TASK INPUT:
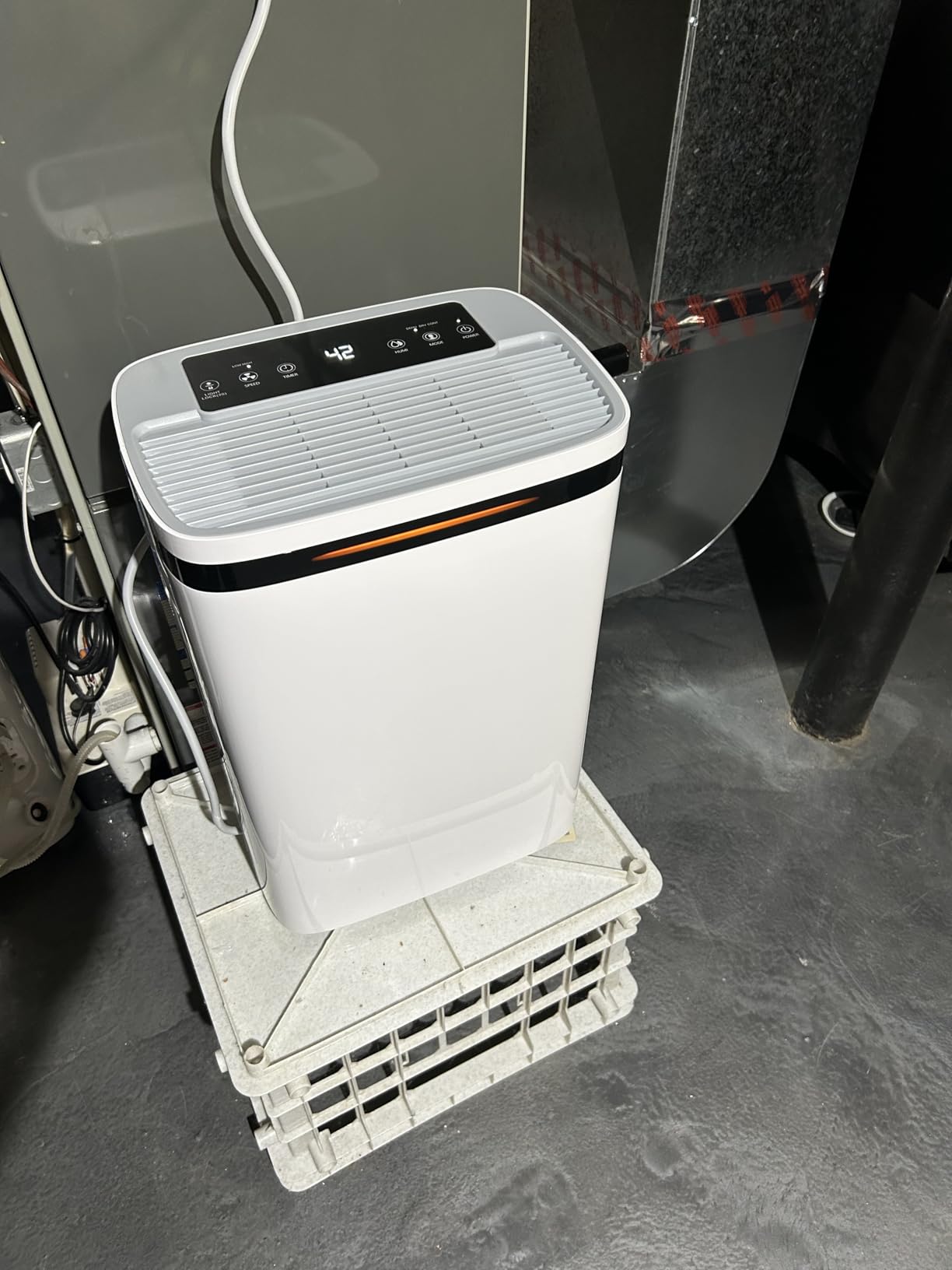 VEAGASO 34 Pint/D, 2500 Sq.Ft Dehumidifier for Basement with Drain Hose | Dehumidifiers for Home, Bathroom, Bedroom - 3 Modes, 24H Time, 40dB, 0.53 Gallon Water Tank, Intelligent Humidity Control customer photo 1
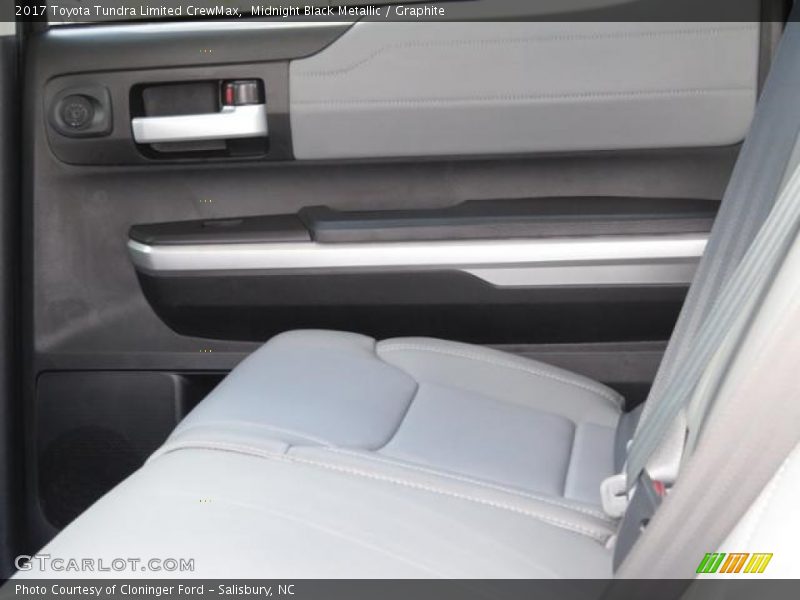 Midnight Black Metallic / Graphite 2017 Toyota Tundra Limited CrewMax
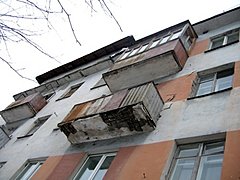 Под Волгоградом третьеклассник сорвался с третьего этажа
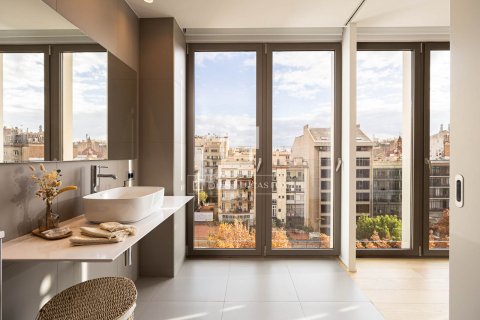 Купить квартиру в Барселона, Испания с 4 спальни, 185м², № 4415 - фото 28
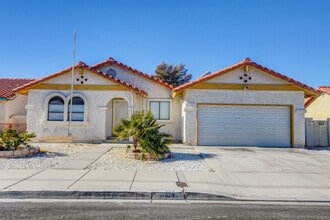 Building Photo - Single Story, Single Family Home!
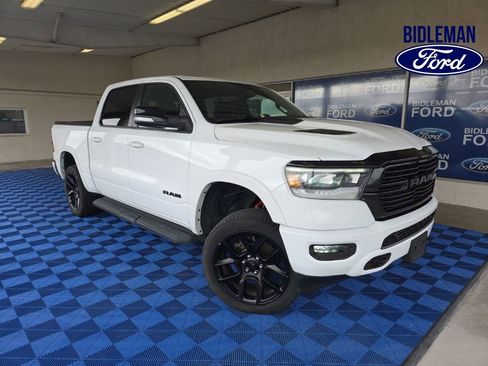 Used 2022 RAM 1500 Laramie AWD/4WD image 1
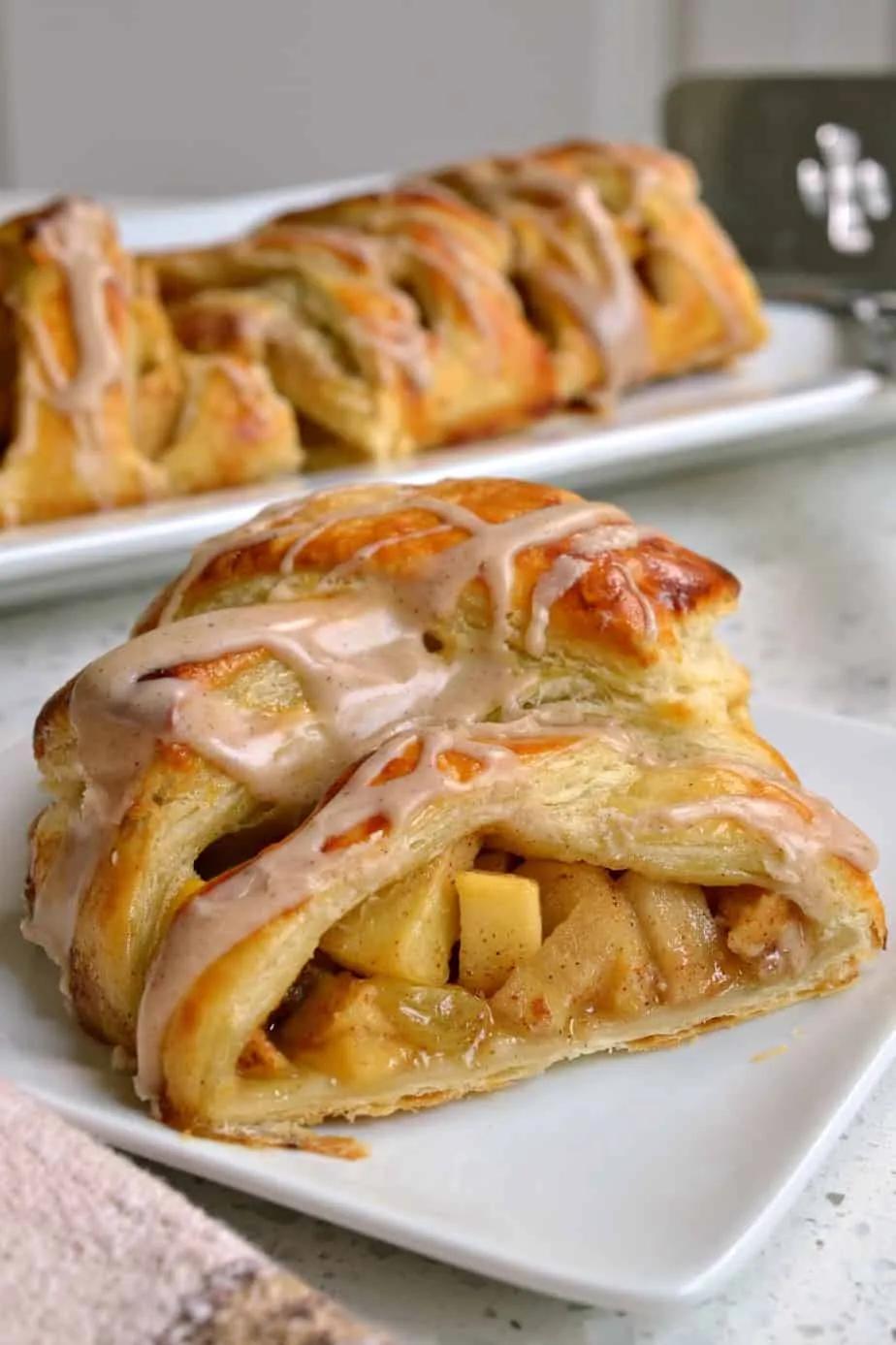 Apple Strudel (Made Easy with Ready Made Puff Pastry)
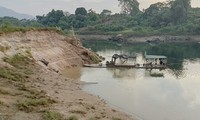 Bờ sông Chảy sạt lở nghiêm trọng do hoạt động khai thác cát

WHAT IS EXPECTED:
With pictures left out, print the lines of the material above from the line containing "Midnight Black Metallic" through its last line, exactly and nothing more.

YOUR RESPONSE:
 Midnight Black Metallic / Graphite 2017 Toyota Tundra Limited CrewMax
 Под Волгоградом третьеклассник сорвался с третьего этажа
 Купить квартиру в Барселона, Испания с 4 спальни, 185м², № 4415 - фото 28
 Building Photo - Single Story, Single Family Home!
 Used 2022 RAM 1500 Laramie AWD/4WD image 1
 Apple Strudel (Made Easy with Ready Made Puff Pastry)
 Bờ sông Chảy sạt lở nghiêm trọng do hoạt động khai thác cát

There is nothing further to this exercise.